───── SOURCE MATERIAL ─────

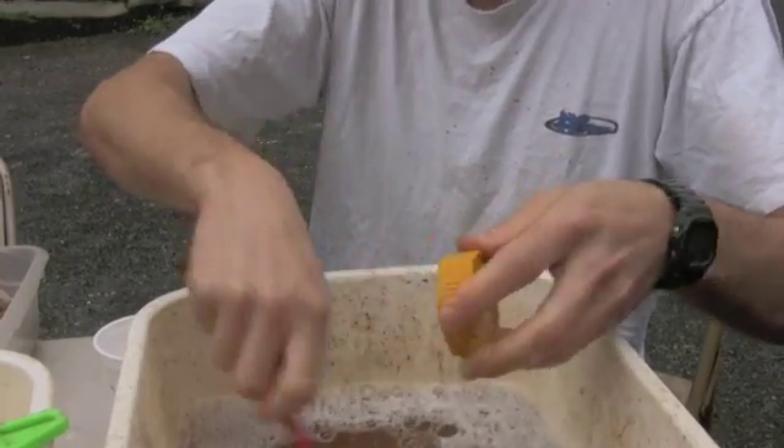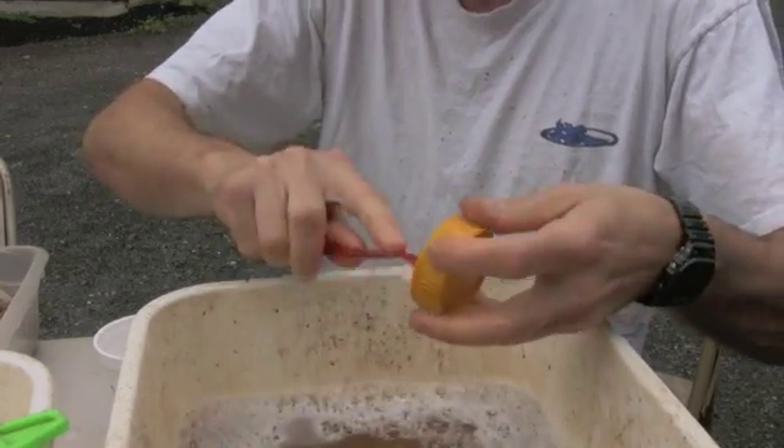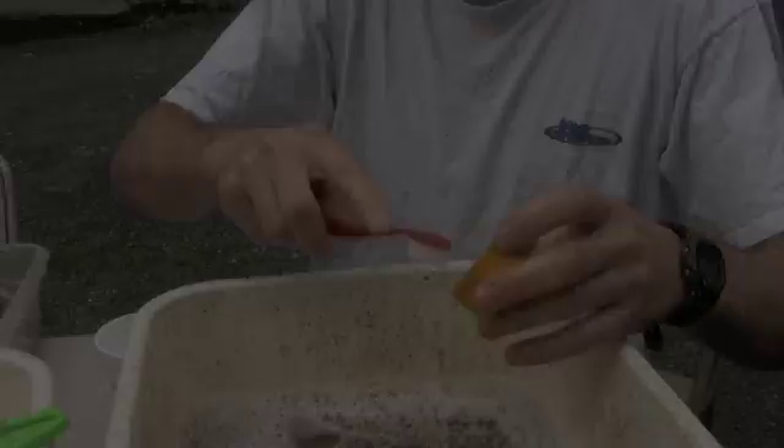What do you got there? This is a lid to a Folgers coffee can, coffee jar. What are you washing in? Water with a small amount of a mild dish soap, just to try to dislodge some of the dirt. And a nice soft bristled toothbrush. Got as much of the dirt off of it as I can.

─────
───── SOURCE MATERIAL ─────

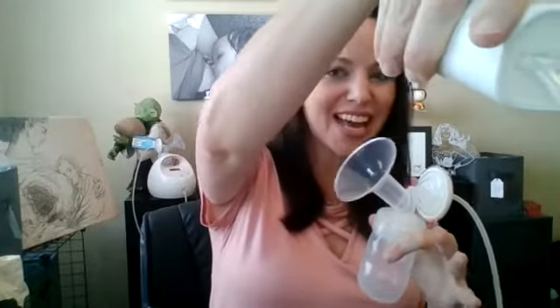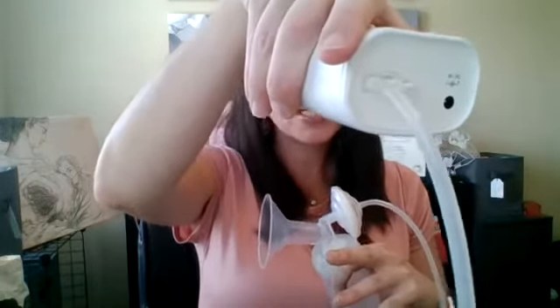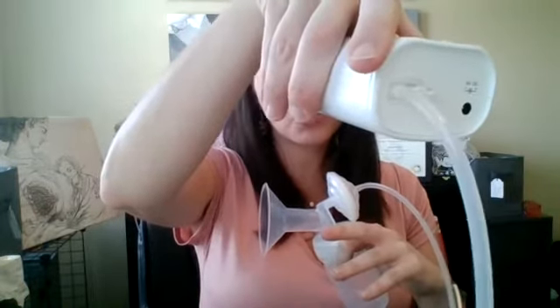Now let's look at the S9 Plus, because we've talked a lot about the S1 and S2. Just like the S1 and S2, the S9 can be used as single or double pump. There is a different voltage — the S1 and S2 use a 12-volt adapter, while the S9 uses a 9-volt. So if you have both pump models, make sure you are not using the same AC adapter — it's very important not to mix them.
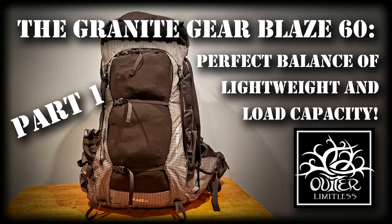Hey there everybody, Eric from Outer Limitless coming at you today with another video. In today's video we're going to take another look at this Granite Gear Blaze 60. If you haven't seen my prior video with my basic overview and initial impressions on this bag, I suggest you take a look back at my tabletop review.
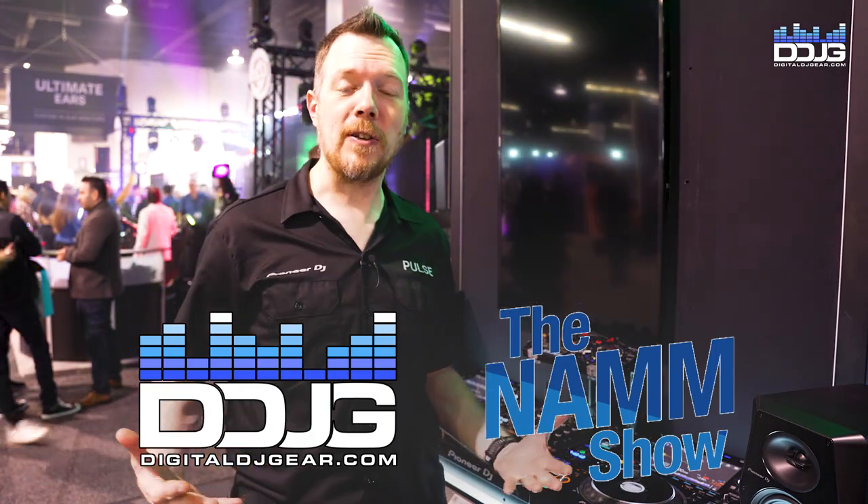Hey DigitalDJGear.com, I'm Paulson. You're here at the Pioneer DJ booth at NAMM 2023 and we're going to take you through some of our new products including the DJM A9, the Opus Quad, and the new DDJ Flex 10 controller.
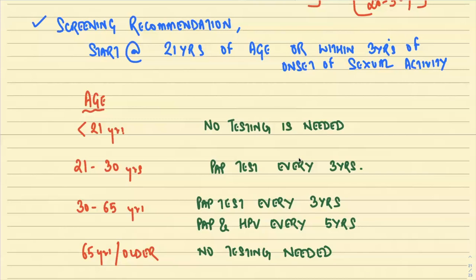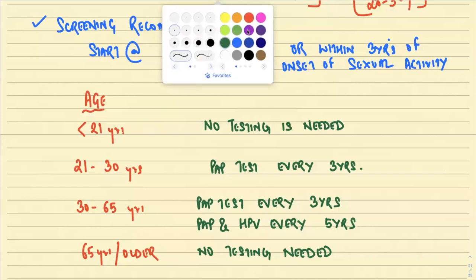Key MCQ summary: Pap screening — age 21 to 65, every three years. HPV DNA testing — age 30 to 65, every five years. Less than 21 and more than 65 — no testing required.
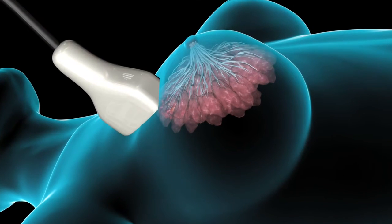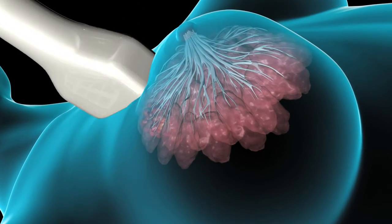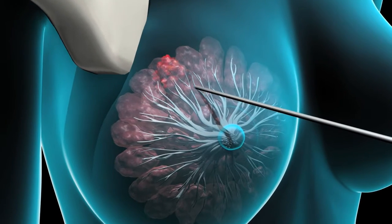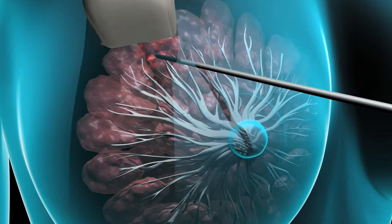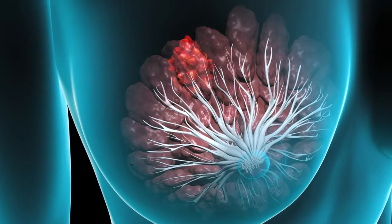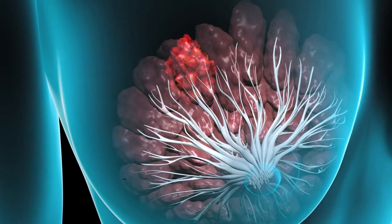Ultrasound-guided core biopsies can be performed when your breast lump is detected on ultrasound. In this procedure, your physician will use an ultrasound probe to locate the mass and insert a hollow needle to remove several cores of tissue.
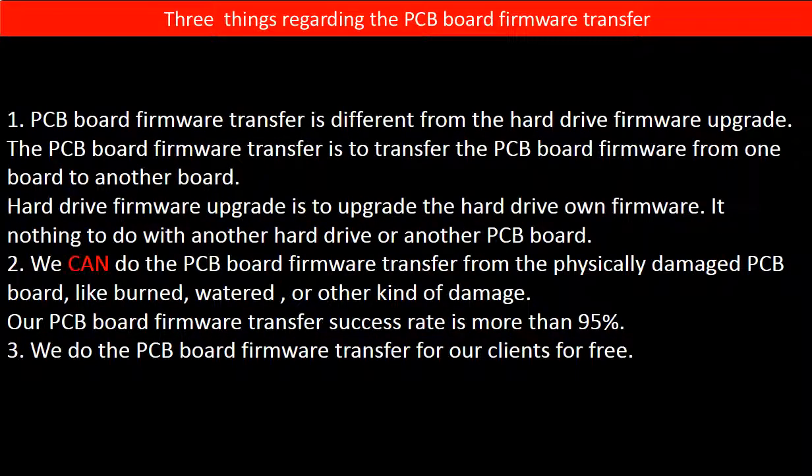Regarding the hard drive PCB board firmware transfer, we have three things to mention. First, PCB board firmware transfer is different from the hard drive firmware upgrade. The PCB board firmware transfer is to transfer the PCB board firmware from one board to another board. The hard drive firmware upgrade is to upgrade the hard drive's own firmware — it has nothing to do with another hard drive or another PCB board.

─────
───── SOURCE MATERIAL ─────

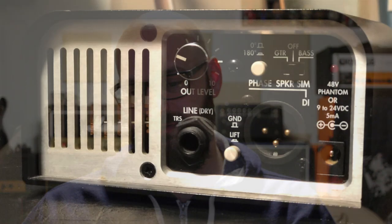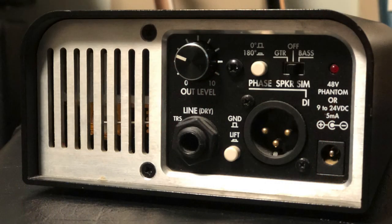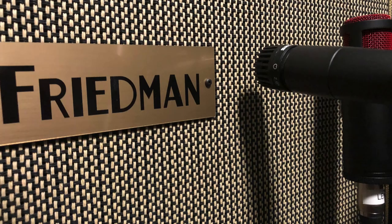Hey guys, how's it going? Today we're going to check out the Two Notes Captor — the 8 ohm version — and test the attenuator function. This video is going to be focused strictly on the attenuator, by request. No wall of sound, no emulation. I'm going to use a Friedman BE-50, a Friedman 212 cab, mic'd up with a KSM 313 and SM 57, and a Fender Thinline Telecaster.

─────

__TASK GOAL__
Leaving out the pictures, please output the lines in the entries above from the one with "Now let's look" through the one with "Regarding the hard", exactly as they are.

__RESPONSE TO THIS TASK__
Now let's look at the S9 Plus, because we've talked a lot about the S1 and S2. Just like the S1 and S2, the S9 can be used as single or double pump. There is a different voltage — the S1 and S2 use a 12-volt adapter, while the S9 uses a 9-volt. So if you have both pump models, make sure you are not using the same AC adapter — it's very important not to mix them.
Hey there everybody, Eric from Outer Limitless coming at you today with another video. In today's video we're going to take another look at this Granite Gear Blaze 60. If you haven't seen my prior video with my basic overview and initial impressions on this bag, I suggest you take a look back at my tabletop review.
Hey DigitalDJGear.com, I'm Paulson. You're here at the Pioneer DJ booth at NAMM 2023 and we're going to take you through some of our new products including the DJM A9, the Opus Quad, and the new DDJ Flex 10 controller.
Key MCQ summary: Pap screening — age 21 to 65, every three years. HPV DNA testing — age 30 to 65, every five years. Less than 21 and more than 65 — no testing required.
Ultrasound-guided core biopsies can be performed when your breast lump is detected on ultrasound. In this procedure, your physician will use an ultrasound probe to locate the mass and insert a hollow needle to remove several cores of tissue.
Regarding the hard drive PCB board firmware transfer, we have three things to mention. First, PCB board firmware transfer is different from the hard drive firmware upgrade. The PCB board firmware transfer is to transfer the PCB board firmware from one board to another board. The hard drive firmware upgrade is to upgrade the hard drive's own firmware — it has nothing to do with another hard drive or another PCB board.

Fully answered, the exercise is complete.